A report by non-governmental organisation Human Rights Watch (HRW) has condemned labour practices on construction sites for the venues used to stage this month’s tournament and the 2018 World Cup.
However, addressing the media in St Petersburg on Friday, the local organising committee’s chief executive Alexey Sorokin claimed the results of internal inspections did not tally with HRW’s findings.
“We cannot confirm the position expressed by Human Rights Watch,” he said.
“There has been in excess of 70 inspections on stadium construction sites. The conditions that workers experienced have been closely monitored.
“We did not see any infringements or negative signals that we could use on our watch list. The inspections are done by our appropriate institute for labour protection.
“We have checked more than 100 contractors and subcontractors. This institute issued recommendations on how to improve it but the signals, that are indeed alarming, were not confirmed.”
Russia’s deputy prime minister Vitaly Mutko invited a journalist to accompany him on an inspection of remaining World Cup stadium constructions sites, adding: “The Russian Federation has one of the strictest migration and labour regulations. For us this is excessively important.”
Anti-corruption protests in support of the campaign of opposition leader Alexey Navalny took place on Monday and there have been suggestions more rallies could take place during the tournament.
Mutko, though, dismissed out of hand the prospect of civil disturbances overshadowing the Confederations Cup.
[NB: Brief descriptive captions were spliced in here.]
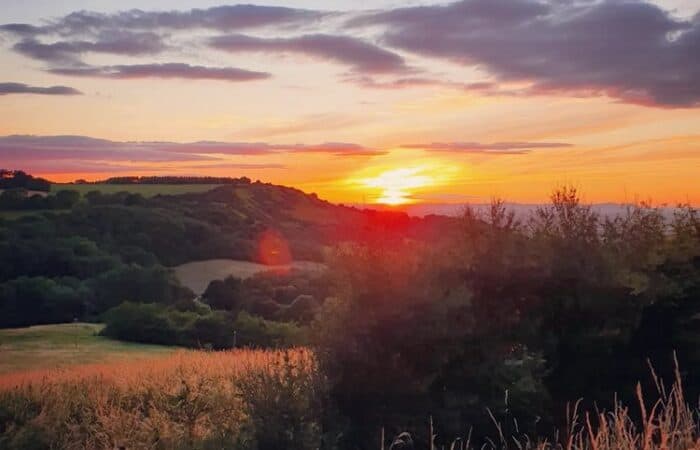 Glamping Hen Parties In The Cotswolds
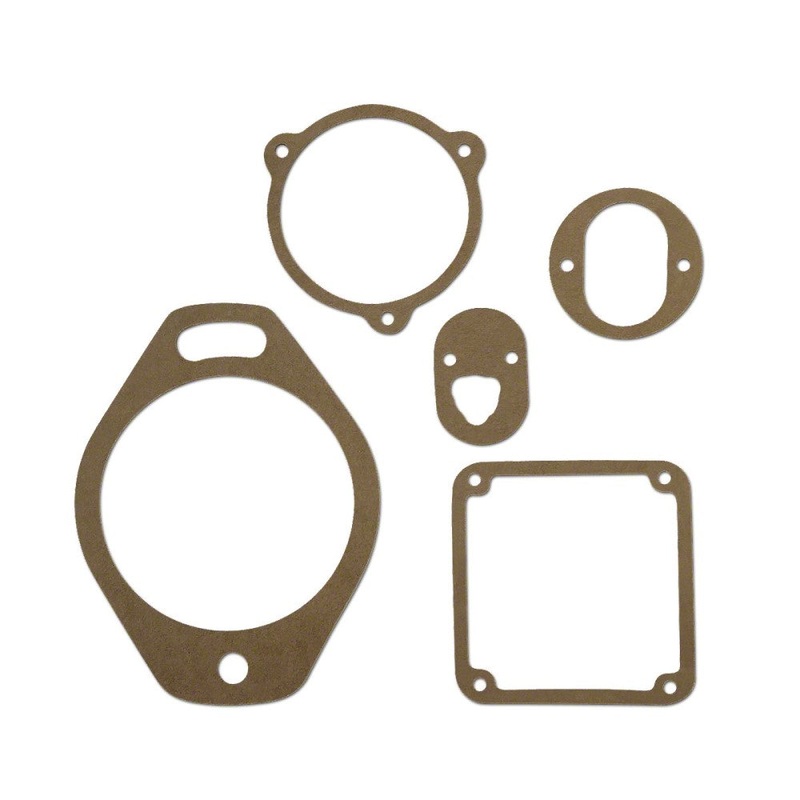 ABC486 H4 Magneto Gasket Set Fits International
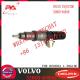 High Quality Diesel Fuel Unit Electronic Injector BEBE4D21002 33800-84840 For HYUNDAI L Engine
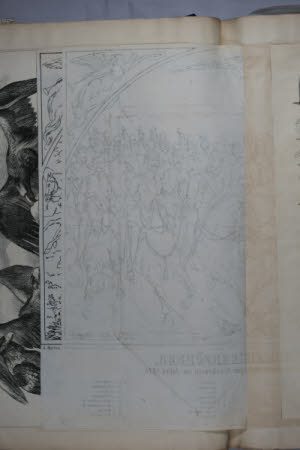 Gunby Estate, Hall and Gardens © National Trust / Wayne Lagden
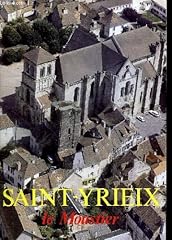 Yrieix saint moustier. d'occasion  Livré partout en France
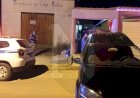 Corpo em decomposição é encontrado em residência no distrito de Petúnia, em Nova Resende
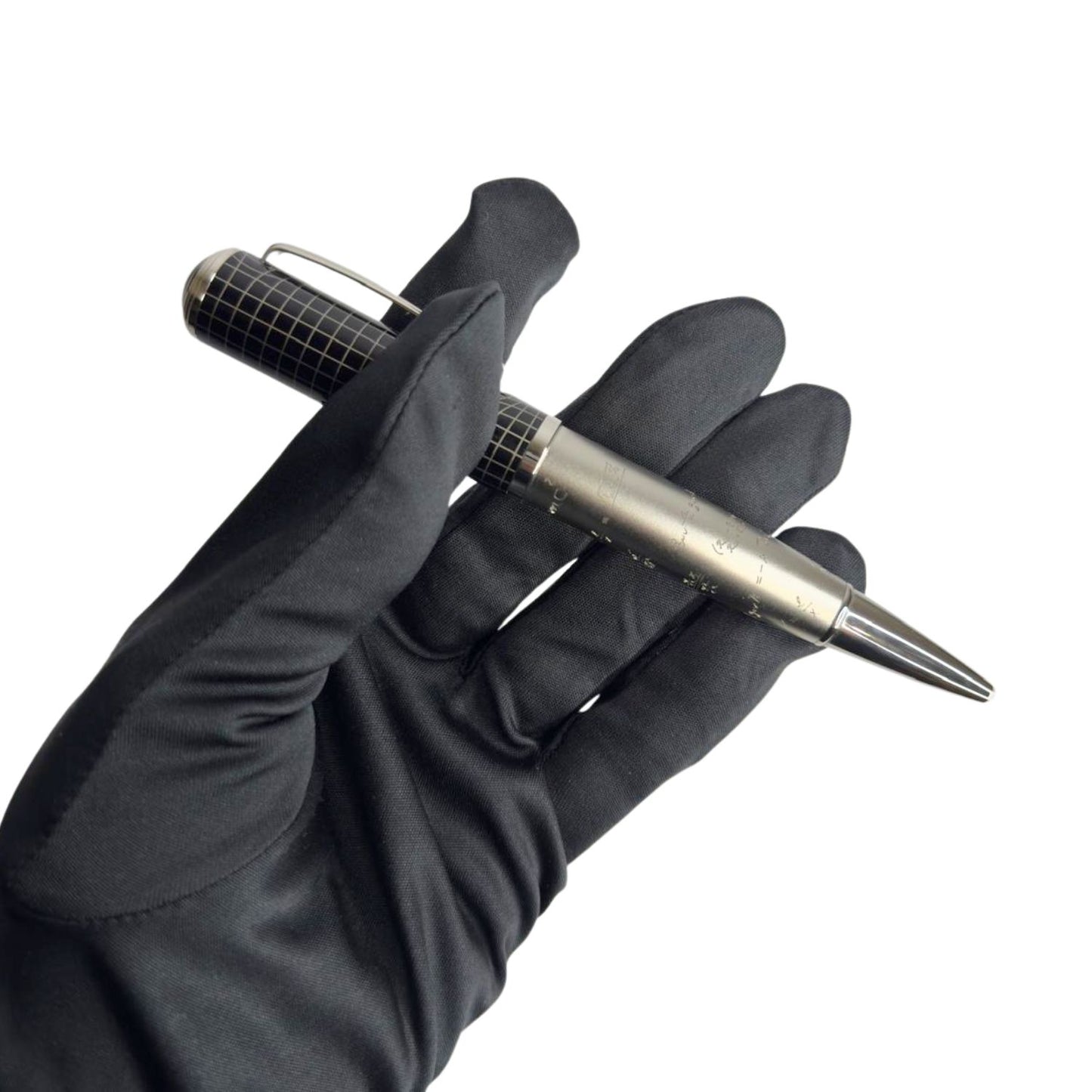 Montblanc Great Characters Albert Einstein Ballpoint Pen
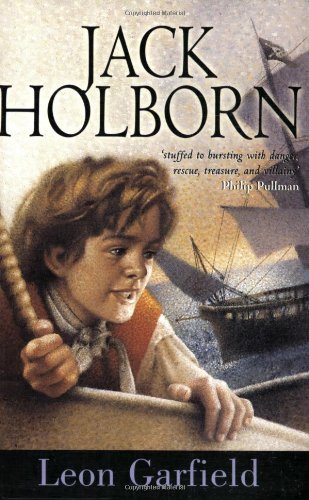 jack holborn
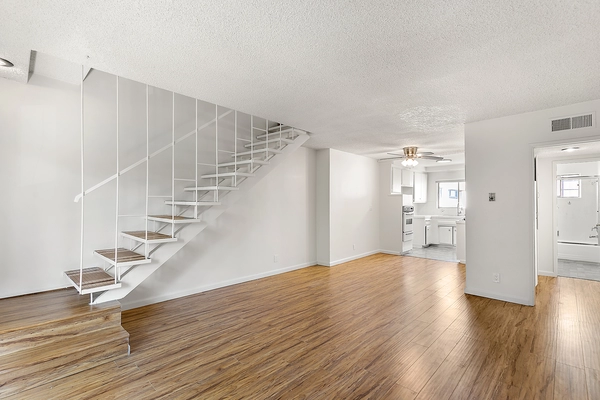 3 bedrooms apartment for rent in Rancho Park - Westside / South Bay, Los Angeles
“I’m at a loss because I don’t know what you mean when you say protests,” he told journalist when questioned on the subject.
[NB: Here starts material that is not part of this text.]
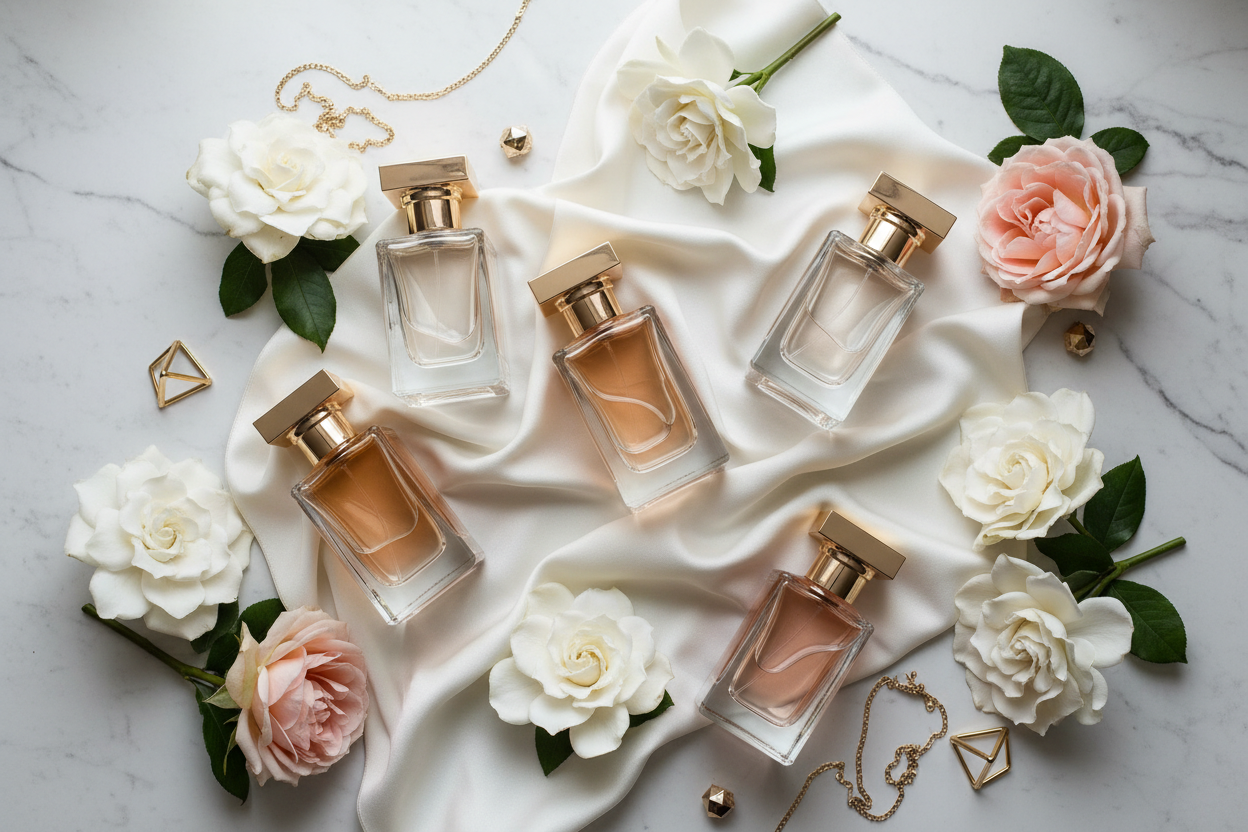 fragrance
“What are you driving at? We are not expecting such rallies, protests and so on. I don’t know, maybe you were referring to Brazil, what was happening there for the World Cup.
“But in this country we are living in a stable political situation. We are an open country but on the other hand we have laws, regulations, procedures for people who want to protest. There is nothing new, I’m not inventing a bicycle.”
The future of the 2022 World Cup meanwhile, due to be staged in Qatar, has come under renewed scrutiny this month after the state found itself ostracised by its neighbours, including regional powerhouse Saudi Arabia.
FIFA secretary general Fatma Samoura said: “Today we cannot pronounce on the geopolitical situation in Qatar, but we can say that we are in regular contact with the LOC and also the supreme committee.
“We are monitoring the situation but our stance as always been to disassociate politics from football.”